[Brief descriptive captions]
------------------------------------------------

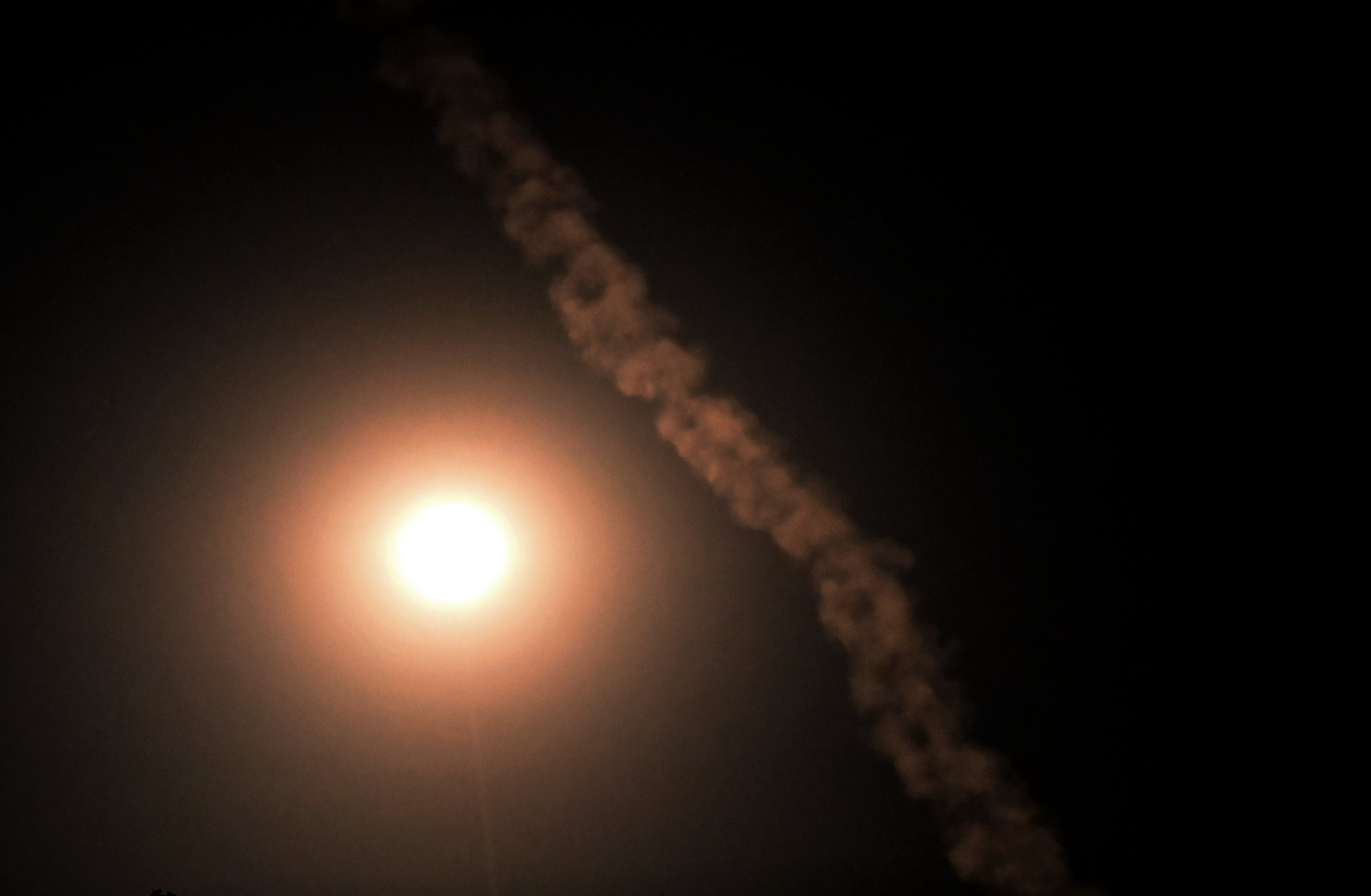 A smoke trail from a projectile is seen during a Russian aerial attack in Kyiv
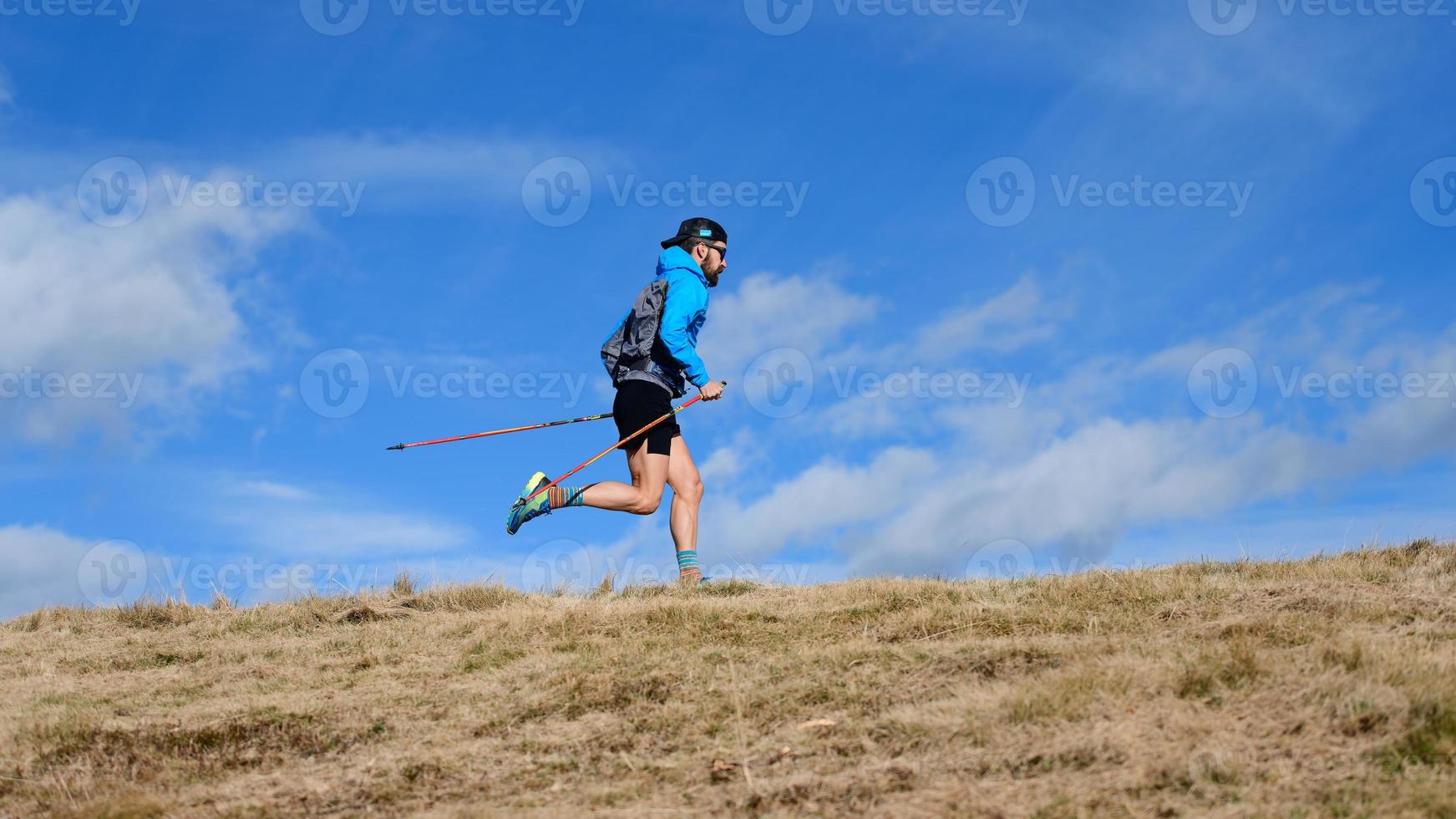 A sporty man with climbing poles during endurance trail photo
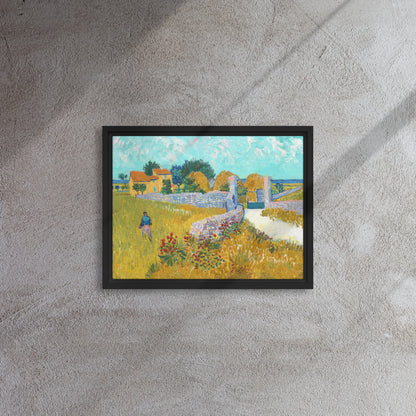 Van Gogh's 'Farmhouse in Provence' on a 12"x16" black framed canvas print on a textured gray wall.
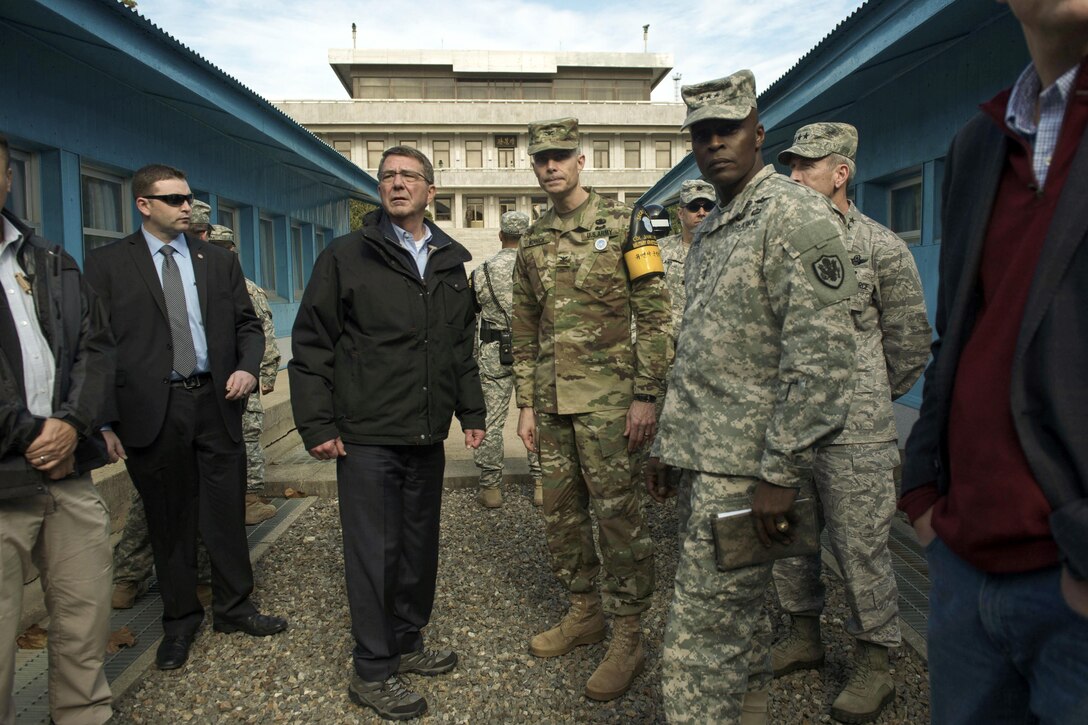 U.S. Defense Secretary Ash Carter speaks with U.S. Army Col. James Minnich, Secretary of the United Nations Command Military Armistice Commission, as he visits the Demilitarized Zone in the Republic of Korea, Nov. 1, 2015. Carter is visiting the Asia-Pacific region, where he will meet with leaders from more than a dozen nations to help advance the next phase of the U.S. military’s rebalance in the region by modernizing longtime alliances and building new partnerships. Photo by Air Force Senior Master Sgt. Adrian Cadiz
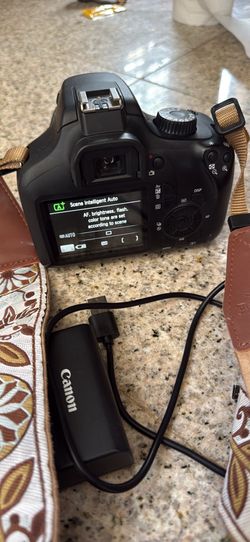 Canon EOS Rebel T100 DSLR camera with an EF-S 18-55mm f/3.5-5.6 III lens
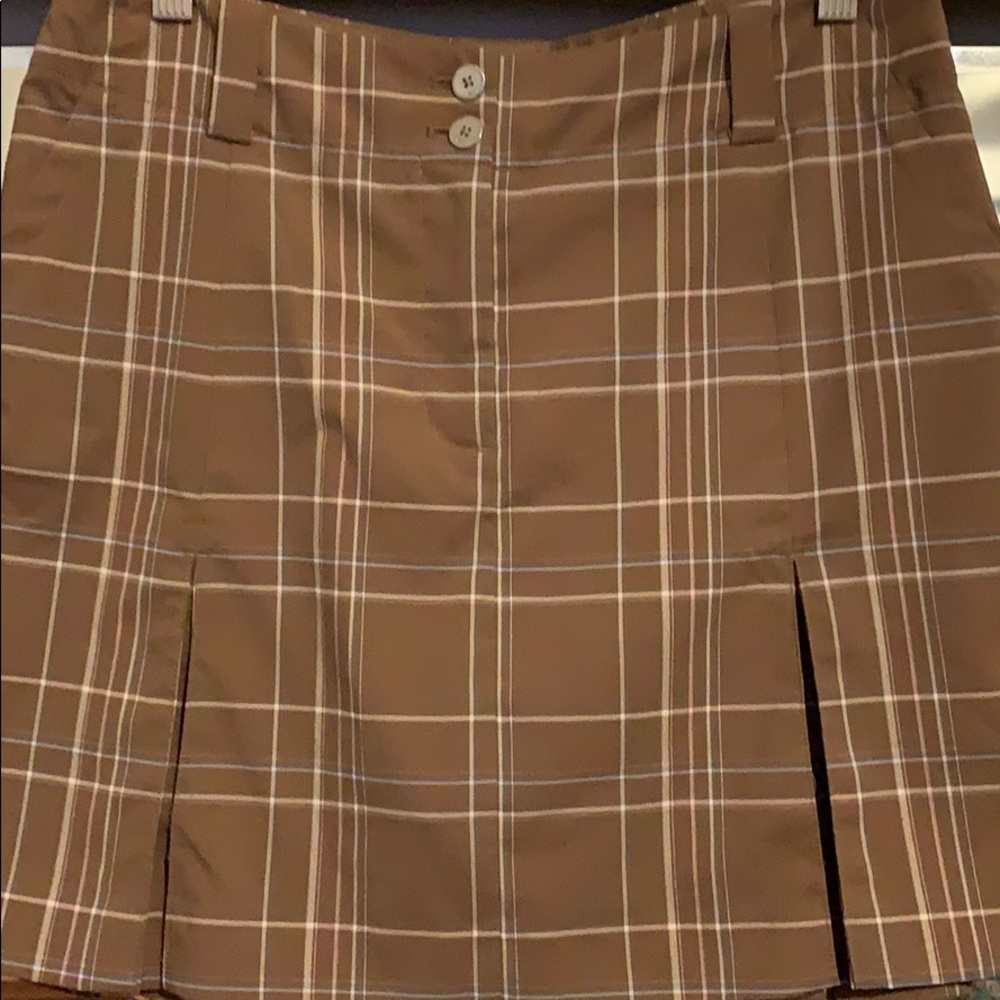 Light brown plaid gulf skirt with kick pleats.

------------------------------------------------

= WHAT THE EXERCISE ASKS =
Quote the records above exactly, from the first line through the line containing "U.S. Defense Secretary", and leave out the pictures.

= EXERCISE RESPONSE =
 A smoke trail from a projectile is seen during a Russian aerial attack in Kyiv
 A sporty man with climbing poles during endurance trail photo
 Van Gogh's 'Farmhouse in Provence' on a 12"x16" black framed canvas print on a textured gray wall.
 U.S. Defense Secretary Ash Carter speaks with U.S. Army Col. James Minnich, Secretary of the United Nations Command Military Armistice Commission, as he visits the Demilitarized Zone in the Republic of Korea, Nov. 1, 2015. Carter is visiting the Asia-Pacific region, where he will meet with leaders from more than a dozen nations to help advance the next phase of the U.S. military’s rebalance in the region by modernizing longtime alliances and building new partnerships. Photo by Air Force Senior Master Sgt. Adrian Cadiz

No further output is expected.